Penalty Calls and Signals
Hockey has a variety of different offenses that can be committed by players or even coaches. These can play a major role in how games are played as penalties result in a team having to play shorthanded giving the other team a significant advantage in manpower on the ice and usually an excellent opportunity to score goals. Below are the general types of penalties as well as an explanation of some of the more common calls you'll see in games as well as the signals the referee or linesman will use to signal them in a game.
Types of Penalties:
Minor Penalty: Any player, other than a goaltender, shall be ruled off the ice for two minutes during which time no substitute shall be permitted. If the shorthanded team is scored upon before the two minutes elapse, the player in the penalty box is automatically released.
Major Penalty: Any player, except the goaltender, shall be ruled off the ice for four or five minutes during which time no substitute shall be permitted. The player who is serving the major penalty must stay in the penalty box for the full five, regardless if a goal is scored upon their "shorthanded" team.
Goaltender's Penalties: A goaltender shall not be sent to the penalty box for an infraction, but instead the minor penalty shall be served by another member of his team, who was on the ice when the infraction was committed. (Goalies are special)
Penalty shot: No time served.

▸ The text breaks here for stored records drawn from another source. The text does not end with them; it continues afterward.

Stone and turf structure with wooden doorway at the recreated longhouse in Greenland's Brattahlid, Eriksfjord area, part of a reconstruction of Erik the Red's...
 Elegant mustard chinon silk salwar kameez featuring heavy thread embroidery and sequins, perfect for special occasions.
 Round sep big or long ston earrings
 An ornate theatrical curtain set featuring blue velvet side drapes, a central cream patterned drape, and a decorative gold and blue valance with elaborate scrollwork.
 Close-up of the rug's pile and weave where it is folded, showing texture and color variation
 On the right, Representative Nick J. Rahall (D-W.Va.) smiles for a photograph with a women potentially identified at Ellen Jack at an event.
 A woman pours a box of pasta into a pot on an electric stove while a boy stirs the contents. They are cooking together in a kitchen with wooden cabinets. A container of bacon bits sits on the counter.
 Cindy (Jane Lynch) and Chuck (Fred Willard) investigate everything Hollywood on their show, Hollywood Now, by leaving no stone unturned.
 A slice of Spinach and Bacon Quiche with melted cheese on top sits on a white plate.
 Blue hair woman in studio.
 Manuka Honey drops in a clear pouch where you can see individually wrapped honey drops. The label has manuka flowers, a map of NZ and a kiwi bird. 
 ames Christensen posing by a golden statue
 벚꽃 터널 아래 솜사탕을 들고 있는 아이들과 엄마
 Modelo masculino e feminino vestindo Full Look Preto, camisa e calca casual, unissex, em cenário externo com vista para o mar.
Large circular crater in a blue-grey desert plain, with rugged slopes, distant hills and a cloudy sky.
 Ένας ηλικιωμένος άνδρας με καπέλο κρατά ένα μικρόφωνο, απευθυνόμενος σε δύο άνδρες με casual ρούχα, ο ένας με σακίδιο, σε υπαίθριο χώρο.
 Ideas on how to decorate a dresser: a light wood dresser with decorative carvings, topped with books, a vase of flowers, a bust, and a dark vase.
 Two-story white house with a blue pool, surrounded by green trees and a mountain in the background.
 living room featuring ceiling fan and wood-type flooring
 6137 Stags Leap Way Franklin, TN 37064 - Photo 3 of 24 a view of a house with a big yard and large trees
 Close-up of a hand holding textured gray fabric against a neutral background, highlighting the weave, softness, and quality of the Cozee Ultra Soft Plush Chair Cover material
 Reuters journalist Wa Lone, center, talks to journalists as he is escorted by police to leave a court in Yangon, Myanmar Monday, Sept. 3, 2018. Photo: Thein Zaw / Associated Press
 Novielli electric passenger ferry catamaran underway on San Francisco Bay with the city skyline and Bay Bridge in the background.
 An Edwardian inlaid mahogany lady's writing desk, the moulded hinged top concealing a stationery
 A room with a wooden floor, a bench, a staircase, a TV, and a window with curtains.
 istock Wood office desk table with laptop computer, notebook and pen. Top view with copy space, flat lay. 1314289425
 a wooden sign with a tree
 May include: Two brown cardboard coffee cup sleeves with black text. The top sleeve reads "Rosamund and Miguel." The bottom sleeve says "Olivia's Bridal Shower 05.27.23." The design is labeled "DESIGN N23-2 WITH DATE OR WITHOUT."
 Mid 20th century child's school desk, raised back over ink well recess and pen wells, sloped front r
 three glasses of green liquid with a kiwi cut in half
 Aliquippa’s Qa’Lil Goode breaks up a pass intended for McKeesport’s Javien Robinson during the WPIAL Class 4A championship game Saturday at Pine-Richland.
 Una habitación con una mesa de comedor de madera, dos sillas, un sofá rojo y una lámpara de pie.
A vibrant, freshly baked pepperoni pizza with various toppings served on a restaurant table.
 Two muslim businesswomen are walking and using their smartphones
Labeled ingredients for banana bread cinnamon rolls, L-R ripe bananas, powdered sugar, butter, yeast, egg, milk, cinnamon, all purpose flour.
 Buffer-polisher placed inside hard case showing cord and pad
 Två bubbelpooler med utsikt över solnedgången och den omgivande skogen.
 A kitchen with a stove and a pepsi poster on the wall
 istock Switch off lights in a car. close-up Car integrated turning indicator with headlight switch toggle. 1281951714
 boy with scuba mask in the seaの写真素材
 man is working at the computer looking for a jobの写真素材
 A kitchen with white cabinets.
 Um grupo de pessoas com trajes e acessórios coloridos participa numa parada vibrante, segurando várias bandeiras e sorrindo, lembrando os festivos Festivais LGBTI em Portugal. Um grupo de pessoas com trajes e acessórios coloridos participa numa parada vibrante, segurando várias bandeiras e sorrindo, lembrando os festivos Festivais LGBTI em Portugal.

Awarded for a player being fouled from behind and denied a breakaway scoring opportunity. Also called for deliberately displacing the goal post during a breakaway, or can be called when a defending player other than the goalie intentionally falls on the puck, usually around the defensive net area.
Coincidental minor: and/or major penalties result when players of two opposing teams are simultaneously assessed penalties of equal duration. In this case, the players may be substituted for, but all penalized players must serve their full time in the penalty box and wait for a stoppage of play to come out of the box. Generally, the timekeeper will not post these penalties on the scoreboard and the players will be required to stay in the box for the amount of time assessed and until "the next whistle".
Misconduct Penalty: Any player, other than the goaltender, shall be ruled off the ice for a period of ten minutes. A substitute player is permitted to immediately replace a player serving a misconduct penalty. A player whose misconduct penalty has expired shall remain in the penalty box until the next stoppage of play. These penalties are often called in tandem with a minor penalty and you may hear it referred to as a "Two and ten". What this means is that the player has committed a foul such as Checking from Behind and his/her team must play shorthanded for 2 minutes but the offending player must then also stay off the ice for an additional 10 minutes. Generally, a team will put two players in the penalty box with one coming out after two minutes.
Match Penalty: A match penalty involves the suspension of a player for the balance of the game and the offender shall be ordered to the dressing room immediately. A substitute player is permitted to replace the penalized player after five minutes of playing time has elapsed.
Game Misconduct: A penalty that involves the suspension of a player for the balance of the game. A substitute is immediately permitted to take his place on the ice.
Boarding: Checking (shoving) an opponent so that he is thrown violently against the boards.
Official Signal: Pounding the closed fist of the non-whistle hand into the open palm of the other hand.
Charging: Taking more than three skating strides prior to checking an opponent.
Official Signal: Rotating clenched fists around one another in front of chest.
Checking from behind: Checking or hitting an opponent whose back is facing you, often into the boards.
Official Signal: Non-whistle arm placed behind the back, elbow bent, forearm parallel to the ice surface.
Cross-Checking: Hitting an opponent with both hands on the stick and no part of the stick on the ice.
Official Signal: A forward motion with both fists clenched extending from the chest.
Delayed-Penalty: When a referee signals that he is about to penalize a player, but will not stop play until the team to be penalized touches the puck.
Official Signal: The non-whistle hand is extended straight above the head.
Elbowing: Using an elbow in any way to foul an opponent.
Official Signal: Tapping the elbow of the whistle hand with the opposite hand.
Hand-Pass: Called when a player uses his hand to direct the puck to another player from the same team in the offensive or neutral zone. Hand passes are allowed in the defensive zone.
Official Signal: The non-whistle hand (open hand) and arm are placed straight down alongside the body and swung forward and up once in an underhand motion.
High Sticking: Striking your opponent while carrying the stick above shoulder level.
Official Signal: Holding both fists, clenched, one immediately above the other, at the side of the head.
Holding: Holding an opponent from moving with hands or stick or any other way.
Official Signal: Clasping the wrist of the whistle hand well in front of the chest.